**WHAT TO WORK ON:** Repeat the data that follows exactly, starting at the line with "[BRSWIZQ3OV4AYED4] Puritan's Pride" and ending at the line with "Ralph Lauren BLAKE", and leave out every picture.

**WORKING DATA:**
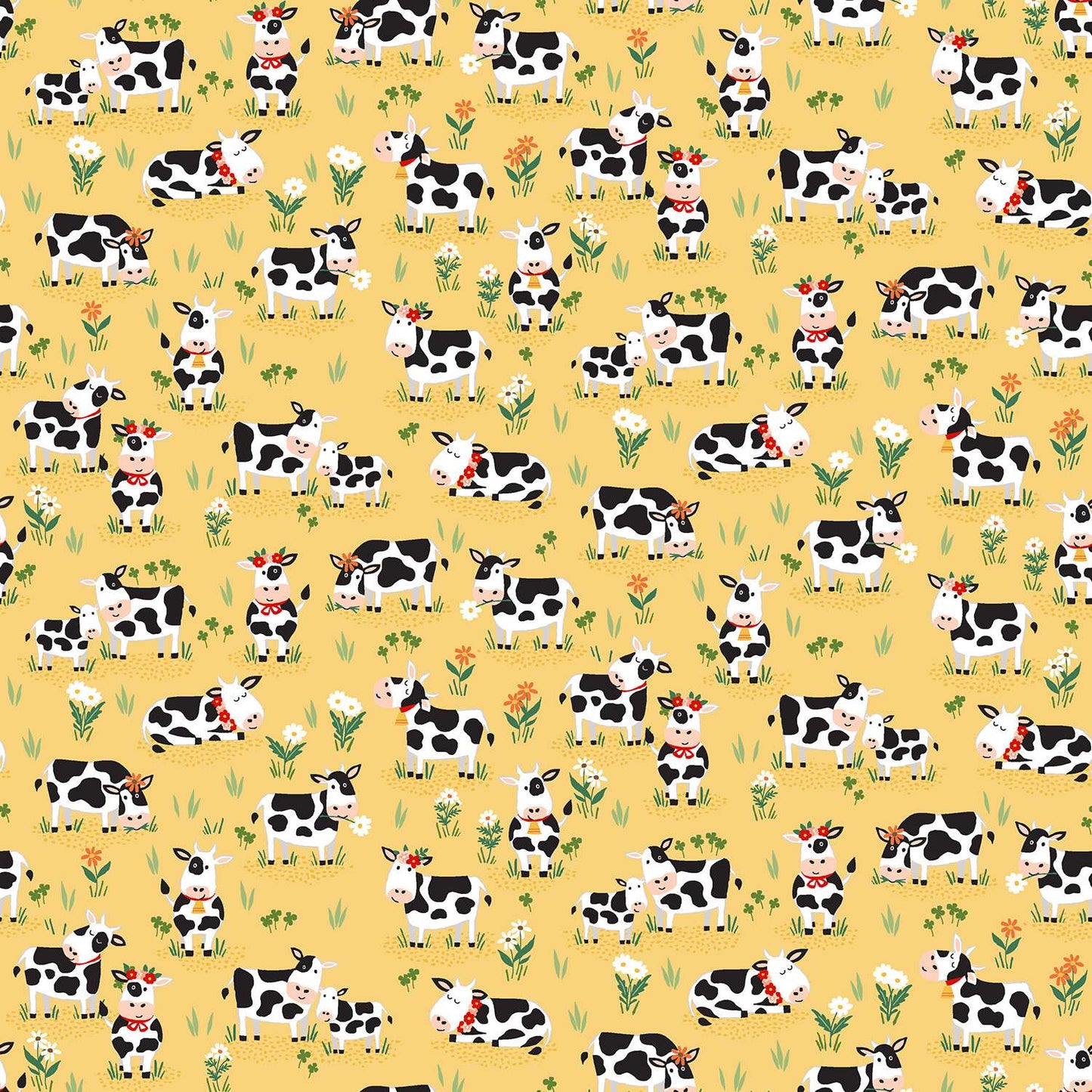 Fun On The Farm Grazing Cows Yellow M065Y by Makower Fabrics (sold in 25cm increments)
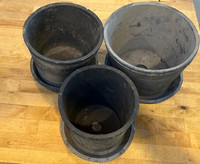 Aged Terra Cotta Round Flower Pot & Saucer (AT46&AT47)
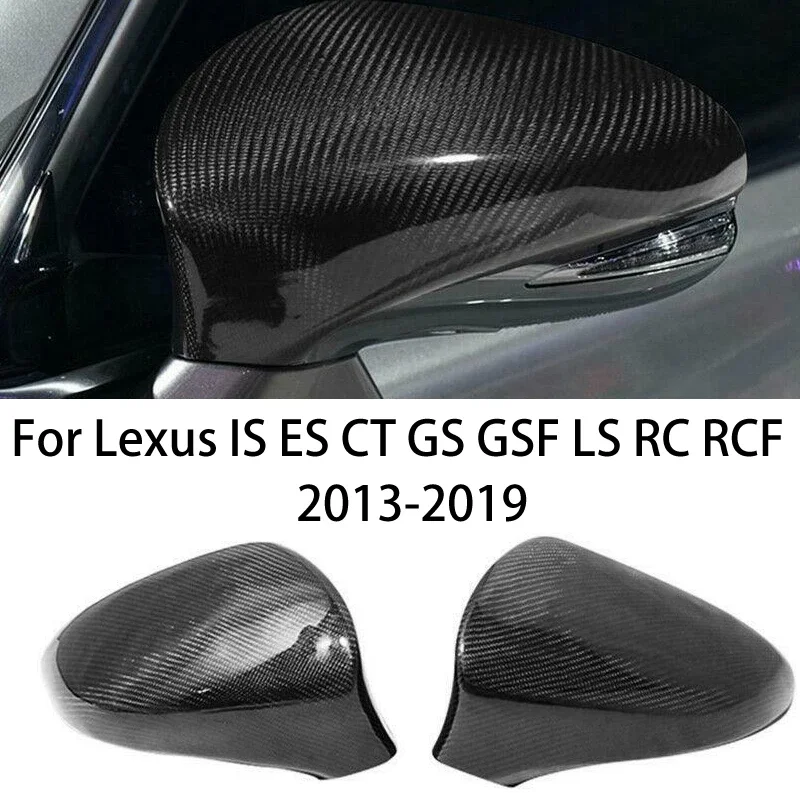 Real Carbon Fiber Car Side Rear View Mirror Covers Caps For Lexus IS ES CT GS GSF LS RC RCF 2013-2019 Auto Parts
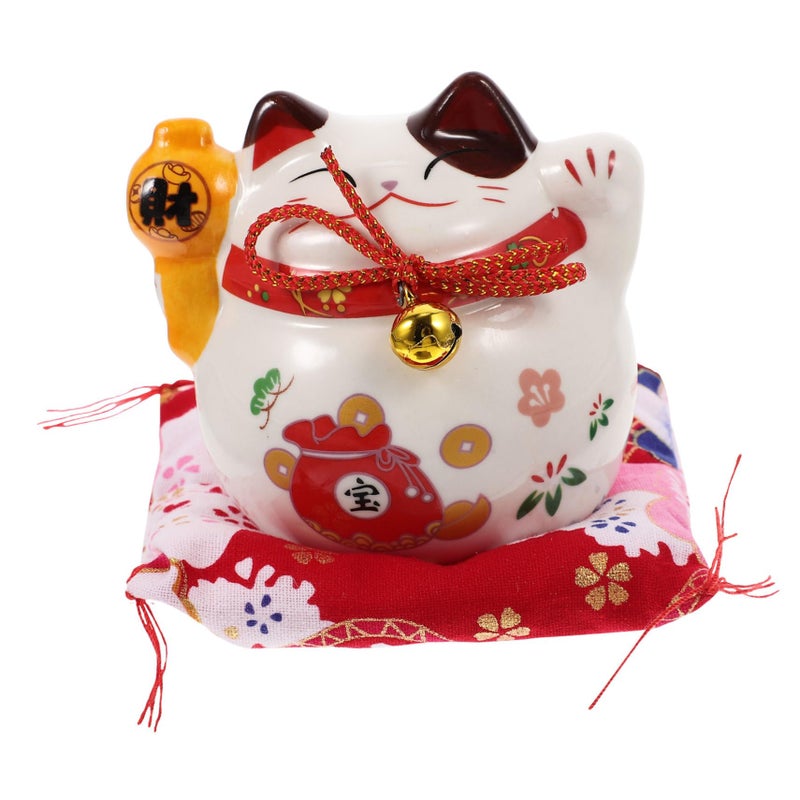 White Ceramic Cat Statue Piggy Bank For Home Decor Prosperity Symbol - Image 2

---

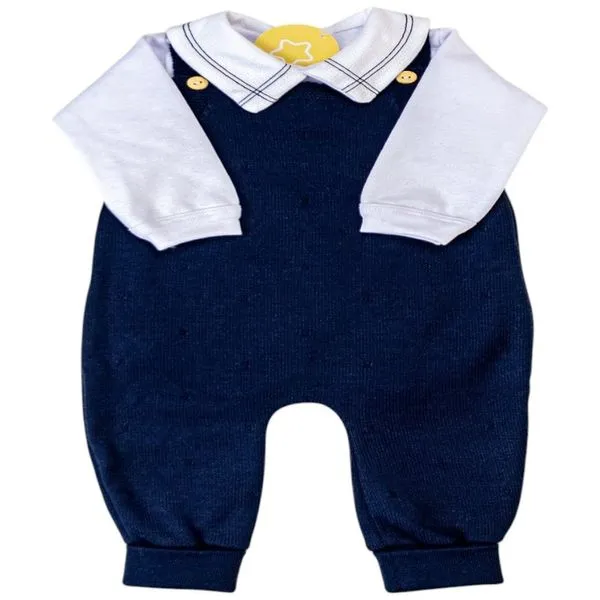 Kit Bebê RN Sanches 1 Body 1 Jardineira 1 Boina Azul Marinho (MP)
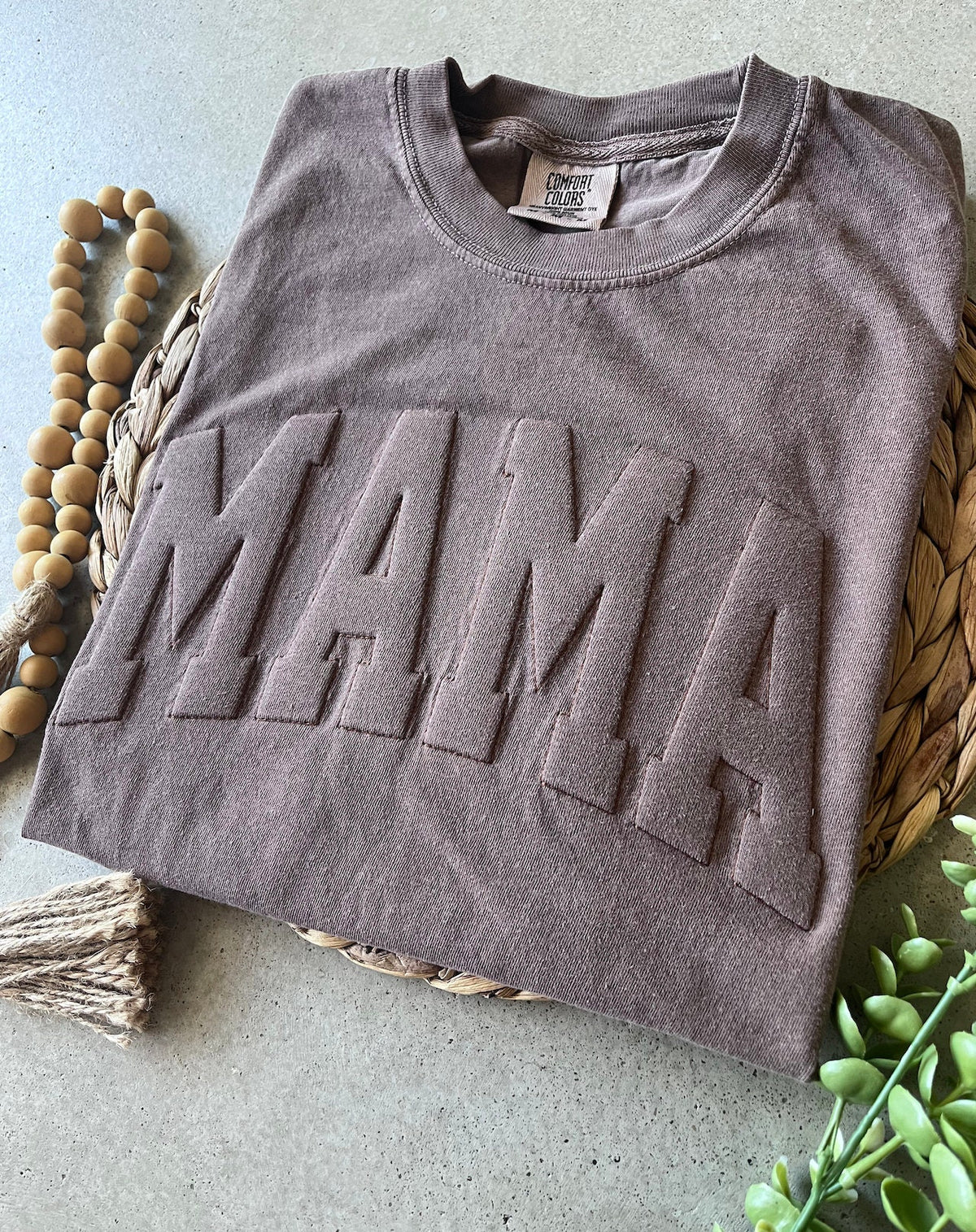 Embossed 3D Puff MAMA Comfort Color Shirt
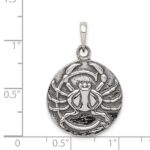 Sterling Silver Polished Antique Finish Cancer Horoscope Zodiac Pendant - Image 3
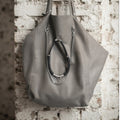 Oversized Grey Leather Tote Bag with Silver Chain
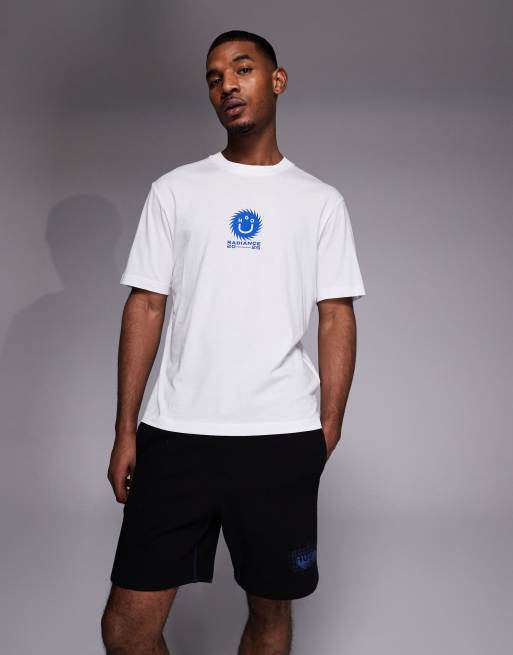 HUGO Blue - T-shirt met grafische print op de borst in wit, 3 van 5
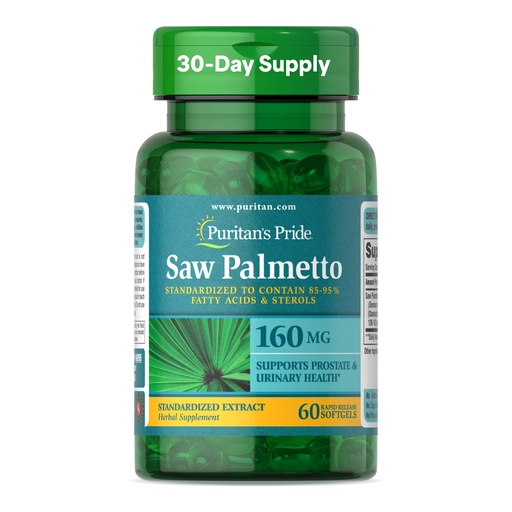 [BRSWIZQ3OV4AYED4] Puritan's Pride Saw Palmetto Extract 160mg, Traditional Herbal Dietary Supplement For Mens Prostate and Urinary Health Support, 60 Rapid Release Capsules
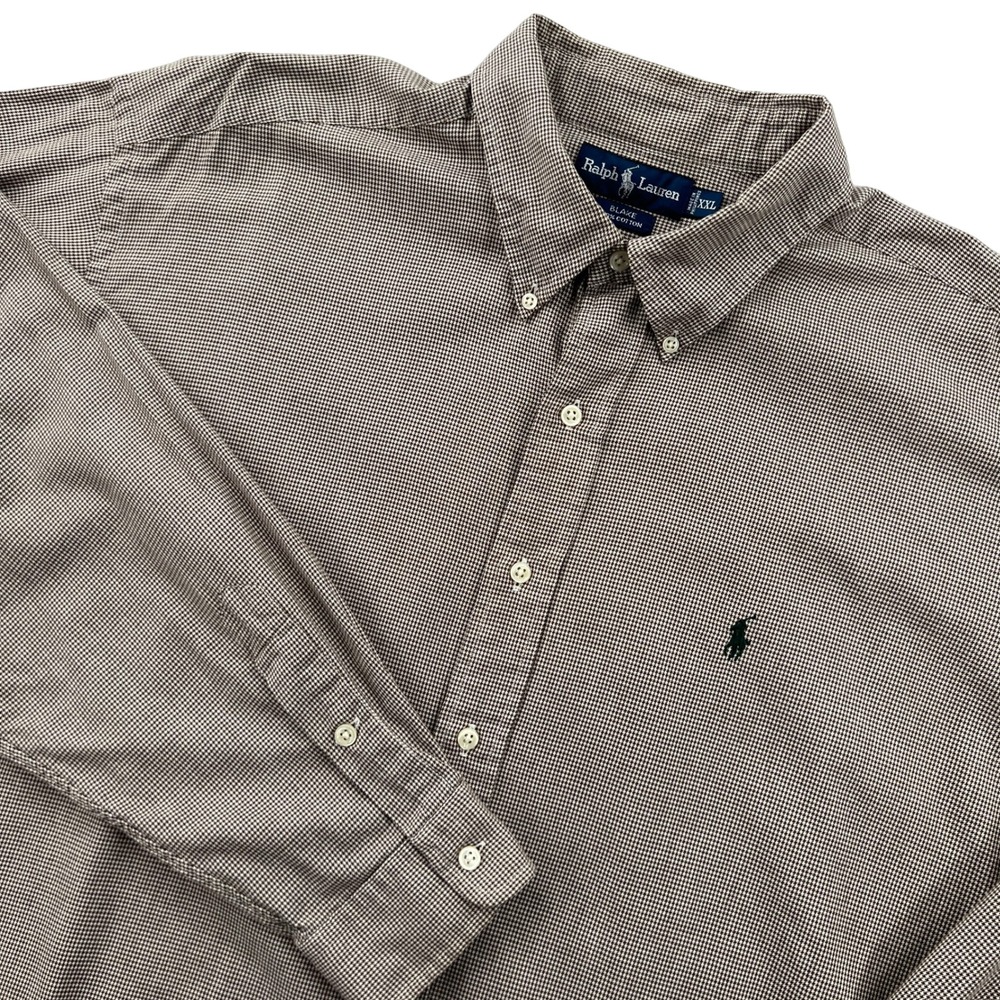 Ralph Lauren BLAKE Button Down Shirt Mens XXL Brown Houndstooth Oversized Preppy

**TASK OUTPUT:**
 [BRSWIZQ3OV4AYED4] Puritan's Pride Saw Palmetto Extract 160mg, Traditional Herbal Dietary Supplement For Mens Prostate and Urinary Health Support, 60 Rapid Release Capsules
 Ralph Lauren BLAKE Button Down Shirt Mens XXL Brown Houndstooth Oversized Preppy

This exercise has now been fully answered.